English is also an old language, and thanks to that it has gleefully helped itself to other languages along the way. From French to the native languages of the New World, English, especially American English, has evolved and changed just like any language. This means that American English offers a few words that mean something completely different, intentionally or not, in another language. They may not even be the same word, just sound similar. When you start mixing syntaxes like you do in English, it was only a matter of time before words started mixing and mingling in ways guaranteed to give linguists headaches.

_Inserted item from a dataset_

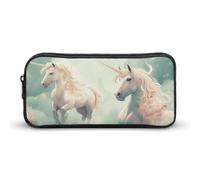 Eekstdbn Trousse à crayons motif licornes - Organiseur de papeterie de bureau simple et robuste - Fermeture éclair - Portable - Sac multifonction pour le bureau et les voyages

Even Asian vernacular has made its way into English. America’s close ties to Japan and the expansion of anime culture have allowed a plethora of words to cross the ocean, although some have only done so in jest.
For those who reside in the eastern corner of the Midwest in the states of Indiana, Michigan, and Ohio, the infamous rivalry between Michigan and Ohio transcends sports and borders to also include languages. Anime fans can exploit linguistic osmosis for a bit of fun. In Japanese, the typical good morning is “おはようございます”, pronounced as “Ohayōgozaimasu”. The joke thus goes that the Japanese greeting for “good morning” is “Ohioooo~!” Though the pronunciation may not be entirely accurate, the gist of the joke is obvious for anyone familiar with Japanese, the United States, and especially the rivalry between Ohio and Michigan.
While some words work in jest, others have entered the vernacular due to anime’s popularity. Unfortunately, those words are not always pronounced properly, creating an uncanny effect for those truly familiar with Japanese. The words “moe” and “kawaii” are prime examples of this. In Japanese, often every vowel sound is pronounced, so “moe” is pronounced “mo-eh”. However, spelled out, moelooks like the name Moe, pronounced “mow”, so it is not uncommon for people unfamiliar with Japanese to mispronounce the word.
Kawaii has a similar problem. There are precious few English words out there where two consecutive vowels are pronounced, so many people fail to pronounce the second “i”, turning “kah-weye-ee” into “kah-weye.” It’s not uncommon for translations to drop the “u” at the end of names, either. Very few Japanese words end in a consonant, and the prevalence of vowel pronunciation means the transition from a more consonant focused language like English to a vowel heavy one like Japanese is sure to create hilarious mispronunciations and plays on words.
In an increasingly globalized world, the intermixing of languages means plenty of words get translated, parsed, and mangled from one linguistic group to the next. Even languages from completely different root origins will share, borrow, and steal grammar and words in order to make sure communication continues as clearly as it can when dealing with people. Whether the words are part of a rivalry’s joke or the result of a combination of ignorance and poor pronunciation, words and phrases from other languages will be sure to make their way into the English vernacular. With a strong alliance and plenty of fans of Asian anime and culture roaming America’s streets, such linguistic jokes are sure to increase over the years.